Ma veniamo al paese. Mille abitanti – diede i natali nientepopodimeno che a Francesco Jovine – e (almeno) mille anni di storia. Il nome deriva da Alfiero, signore longobardo della contea di Larino (XI sec.). La stessa Larino che fu conquistata, nel 1050, da Roberto d’Altavilla, il Guiscardo, il primo dei Normanni (che fighi i Normanni). La sua discesa in Italia, al confine con lo Stato Pontificio, non poteva certo lasciare indifferente il papa Leone IX, il quale si cagò sotto, preparò un esercito e nel 1053 si lanciò all’inseguimento dell’invasore.

Ma il Biferno, come un Piave ante litteram, ne frenò la corsa e lo costrinse a fermarsi a Guardialfiera, appunto. Dopo essersi abbondantemente rimpinzato, il papa ripartì ma fu sconfitto pochi giorni dopo a San Paolo di Civitate (in Puglia) e fatto prigioniero. Ciò non impedì alla eco di cotanta accoglienza di espandersi negli anni fino a Roma e lì, nel 1061, Alessandro II nominò Pietro – “riconoscibile” in un bassorilievo sulla parete della chiesa – primo vescovo della diocesi di Guardialfiera, assorbita da Termoli nell’Ottocento.

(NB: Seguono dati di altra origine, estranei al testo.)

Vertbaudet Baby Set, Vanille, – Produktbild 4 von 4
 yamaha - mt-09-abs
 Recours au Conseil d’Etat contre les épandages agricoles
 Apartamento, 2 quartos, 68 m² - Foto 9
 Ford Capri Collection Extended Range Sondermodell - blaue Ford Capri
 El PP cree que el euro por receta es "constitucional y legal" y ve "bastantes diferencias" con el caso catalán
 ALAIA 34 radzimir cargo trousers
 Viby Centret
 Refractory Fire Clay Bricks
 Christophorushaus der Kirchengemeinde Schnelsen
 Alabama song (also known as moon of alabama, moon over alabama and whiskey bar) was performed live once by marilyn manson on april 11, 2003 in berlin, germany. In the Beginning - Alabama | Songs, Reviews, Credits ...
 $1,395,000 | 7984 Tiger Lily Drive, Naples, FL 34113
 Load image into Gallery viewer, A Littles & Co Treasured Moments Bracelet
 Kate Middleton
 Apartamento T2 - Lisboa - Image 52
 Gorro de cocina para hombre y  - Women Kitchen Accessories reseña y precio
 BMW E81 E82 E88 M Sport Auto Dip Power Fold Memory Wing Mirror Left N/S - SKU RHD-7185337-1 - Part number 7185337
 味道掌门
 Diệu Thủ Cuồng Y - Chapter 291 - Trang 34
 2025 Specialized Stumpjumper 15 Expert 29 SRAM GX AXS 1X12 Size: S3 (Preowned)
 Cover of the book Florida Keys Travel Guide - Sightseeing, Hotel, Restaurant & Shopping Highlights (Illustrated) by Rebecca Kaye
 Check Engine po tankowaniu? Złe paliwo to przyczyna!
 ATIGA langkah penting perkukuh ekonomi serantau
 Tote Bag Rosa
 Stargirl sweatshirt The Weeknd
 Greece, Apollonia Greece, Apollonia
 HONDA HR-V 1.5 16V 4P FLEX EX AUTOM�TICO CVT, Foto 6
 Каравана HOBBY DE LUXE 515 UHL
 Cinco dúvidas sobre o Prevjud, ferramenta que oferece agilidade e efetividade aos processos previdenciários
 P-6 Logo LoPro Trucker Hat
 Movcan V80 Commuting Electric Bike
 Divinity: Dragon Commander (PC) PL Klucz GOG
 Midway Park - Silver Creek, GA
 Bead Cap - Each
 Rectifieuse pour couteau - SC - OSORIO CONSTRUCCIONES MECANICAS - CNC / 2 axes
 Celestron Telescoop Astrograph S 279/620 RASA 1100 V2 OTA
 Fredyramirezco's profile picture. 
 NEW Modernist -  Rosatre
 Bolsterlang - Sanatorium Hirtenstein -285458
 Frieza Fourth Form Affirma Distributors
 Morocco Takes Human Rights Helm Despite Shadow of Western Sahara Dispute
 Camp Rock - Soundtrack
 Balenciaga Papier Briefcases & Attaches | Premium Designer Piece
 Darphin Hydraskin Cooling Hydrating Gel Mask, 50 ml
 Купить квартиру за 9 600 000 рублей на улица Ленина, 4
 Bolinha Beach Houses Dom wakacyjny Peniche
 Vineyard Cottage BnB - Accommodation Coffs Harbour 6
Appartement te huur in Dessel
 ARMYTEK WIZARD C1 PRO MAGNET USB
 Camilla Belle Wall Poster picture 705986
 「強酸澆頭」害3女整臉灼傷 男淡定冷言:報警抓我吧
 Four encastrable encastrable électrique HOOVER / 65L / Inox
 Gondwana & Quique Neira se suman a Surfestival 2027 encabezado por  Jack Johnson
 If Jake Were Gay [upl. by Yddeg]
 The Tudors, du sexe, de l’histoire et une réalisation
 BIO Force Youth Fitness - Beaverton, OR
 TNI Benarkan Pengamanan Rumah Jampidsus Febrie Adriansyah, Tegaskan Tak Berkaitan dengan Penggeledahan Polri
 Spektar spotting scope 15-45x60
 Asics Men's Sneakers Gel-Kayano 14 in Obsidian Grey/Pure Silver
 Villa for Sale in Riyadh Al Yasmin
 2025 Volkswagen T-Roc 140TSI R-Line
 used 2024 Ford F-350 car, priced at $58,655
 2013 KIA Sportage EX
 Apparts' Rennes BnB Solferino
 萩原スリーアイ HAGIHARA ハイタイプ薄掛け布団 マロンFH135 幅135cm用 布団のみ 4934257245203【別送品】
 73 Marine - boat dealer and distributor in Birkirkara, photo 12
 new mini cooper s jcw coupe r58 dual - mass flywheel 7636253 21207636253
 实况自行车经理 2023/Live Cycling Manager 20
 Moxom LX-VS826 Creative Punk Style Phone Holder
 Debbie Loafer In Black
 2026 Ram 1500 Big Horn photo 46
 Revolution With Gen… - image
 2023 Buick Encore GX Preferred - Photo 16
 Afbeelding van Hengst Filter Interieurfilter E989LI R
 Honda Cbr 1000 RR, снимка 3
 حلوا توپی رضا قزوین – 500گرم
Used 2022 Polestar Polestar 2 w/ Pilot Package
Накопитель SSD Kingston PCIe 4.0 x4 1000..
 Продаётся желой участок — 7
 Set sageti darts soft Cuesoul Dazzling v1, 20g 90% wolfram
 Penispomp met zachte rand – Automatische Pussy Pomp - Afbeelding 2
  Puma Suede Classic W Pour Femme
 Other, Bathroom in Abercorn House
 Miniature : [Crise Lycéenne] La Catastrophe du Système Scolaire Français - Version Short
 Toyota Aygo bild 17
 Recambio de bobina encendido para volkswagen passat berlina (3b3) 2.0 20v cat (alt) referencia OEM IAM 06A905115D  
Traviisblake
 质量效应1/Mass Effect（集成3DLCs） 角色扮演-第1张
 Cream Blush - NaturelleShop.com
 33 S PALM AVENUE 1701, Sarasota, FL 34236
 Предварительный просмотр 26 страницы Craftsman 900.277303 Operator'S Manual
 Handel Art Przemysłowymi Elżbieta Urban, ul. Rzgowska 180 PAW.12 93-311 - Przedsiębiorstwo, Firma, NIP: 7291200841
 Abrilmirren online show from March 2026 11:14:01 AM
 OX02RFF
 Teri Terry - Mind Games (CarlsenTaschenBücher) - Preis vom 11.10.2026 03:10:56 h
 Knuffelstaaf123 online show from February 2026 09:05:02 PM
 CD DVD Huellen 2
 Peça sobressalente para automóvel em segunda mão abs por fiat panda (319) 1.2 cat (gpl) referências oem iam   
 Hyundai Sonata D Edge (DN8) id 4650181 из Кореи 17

A proposito del passato occultato (anche in bella mostra) o comunque ridotto a pura materia per nuove esigenze: la chiesa di Santa Maria Assunta, tra le più enigmatiche del Molise, è ancora una volta una buona sintesi del tipico modus agendi. Nelle pareti della chiesa (forse edificata nell’XI sec. dal grande Desiderio, abate di Montecassino, e ricostruita dopo il – solito – terremoto del 1456, con l’aggiunta di una Porta Santa, una delle pochissime fuori Roma) sono incastonate decine e decine di pietre lavorate, con elementi geometrici e strane figure: pietre avvolte dal mistero, che vengono, forse, da un antico tempio ancora-forse pagano che sorgeva in quel luogo. Ovviamente, come la grotta di Sant’Angelo e il castello di Pescolanciano, anche la chiesa – con tanto di cripta e reliquie del patrono San Gaudenzio, arrivato nel Settecento dalle catacombe di Santa Priscilla (chiarisco: non a piedi, sono andati a prenderle ‘ste reliquie) – era chiusa. Il prete, in una vecchia Panda rossa e in canotta bianca a costine sotto sbottonata camicia azzurra, mi ha detto che l’aveva appena chiusa per andare a dire messa in una cappelletta lungo il corso.

Sono un po’ sfigato, lo so, ma va bene così: quando tutto è aperto e disponibile il ritorno è precluso, il desiderio stesso di tornare è disattivato. E dopo ‘sta botta di filosofia, il sole tramontava. Casa.